> [Exercise input]

--*--

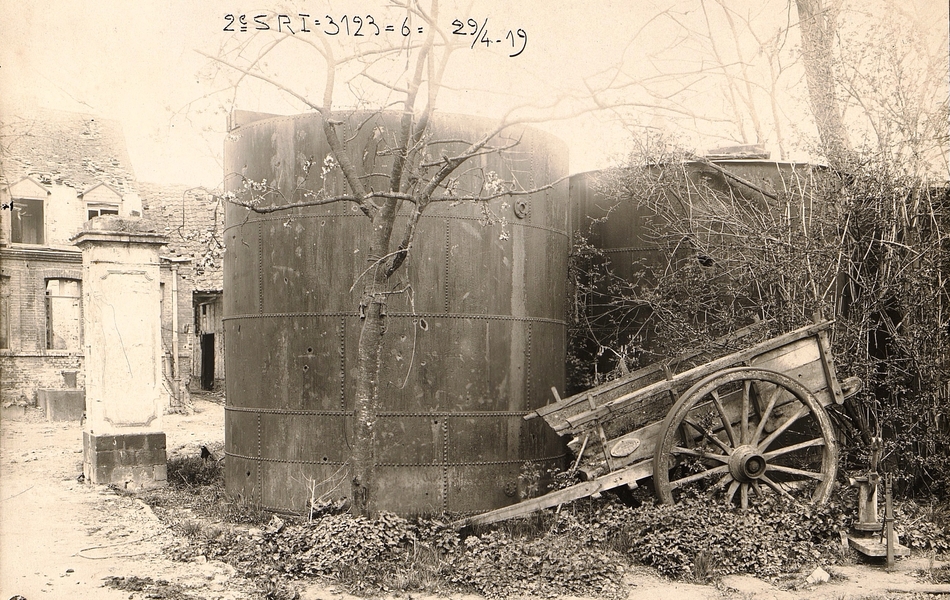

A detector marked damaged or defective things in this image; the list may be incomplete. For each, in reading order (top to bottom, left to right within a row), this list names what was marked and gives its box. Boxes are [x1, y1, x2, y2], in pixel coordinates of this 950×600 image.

rusty metal object [224, 110, 568, 512]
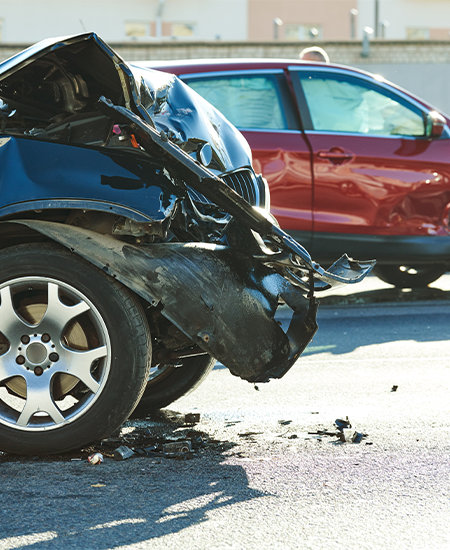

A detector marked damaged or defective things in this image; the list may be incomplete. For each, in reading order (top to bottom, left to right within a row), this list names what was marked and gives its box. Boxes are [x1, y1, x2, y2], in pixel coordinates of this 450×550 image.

severely damaged car [0, 35, 372, 458]
collision damage [0, 35, 374, 458]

--*--

> [How to complete this task]
When you repeat the material, keep every word exact and drop the pictures.

> [Answer to this task]
A detector marked damaged or defective things in this image; the list may be incomplete. For each, in reading order (top to bottom, left to right within a row), this list names what was marked and gives its box. Boxes are [x1, y1, x2, y2], in pixel coordinates of this 950×600 image.

rusty metal object [224, 110, 568, 512]

A detector marked damaged or defective things in this image; the list may be incomplete. For each, in reading order (top to bottom, left to right within a row), this list names what was marked and gives its box. Boxes are [x1, y1, x2, y2], in pixel coordinates of this 450×550 image.

severely damaged car [0, 35, 372, 458]
collision damage [0, 35, 374, 458]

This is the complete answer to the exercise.